Но пусть живет невзорванный Рудольф Штейнер и пускай строит Иоанново здание, – искусство само не принимает никаких привязок, и Андрей Белый в Дорнахе только потерял время.
Если он поправил, однако, здоровье, то пусть существует и Дорнах.
Искусство романа не приняло попытки антропософии. Работы Андрея Белого – это попытка антропософии съесть ремесло. Но ремесло съело антропософию и растет на ней, как на навозе.
Я пишу о настоящем Андрее Белом, не о том, который вел длинные беседы с «антропософскими тетками»{150}.
Я буду писать об «Эпопее».
Дальше будет объяснено, почему пало давление сюжета в романе и что в него просочилось.

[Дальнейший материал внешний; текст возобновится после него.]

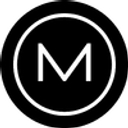 MyAdon Business Services LLC logo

Субъективно Андрей Белый хочет сорвать с себя маску, хочет порвать с приемом, отказаться от формы и в то же время написать «Эпопею».
Объективно ему приходится отказаться от «Записок чудака» и вернуться, как он говорит, к романной форме.
Но не нужно верить театральным разоблачениям. В театре под маской мы находим грим.
Андрей Белый в «Записках чудака» вовсе не писал, как сапожник.
Он даже выделывал
набором вот
такие
штуки,
которые
должны
были
изобразить
немецкую мину, готовую ударить в бок корабля, на котором ехал Белый домой. Сапожники таких штук не пишут.
«Записки чудака» – одно из сложнейших построений писателя.
Набирая этого «сапожника», пишущего углами, колонками, зигзагами, наборщики говорили, что они еще не видели такого сложного набора, и требовали сверхурочных.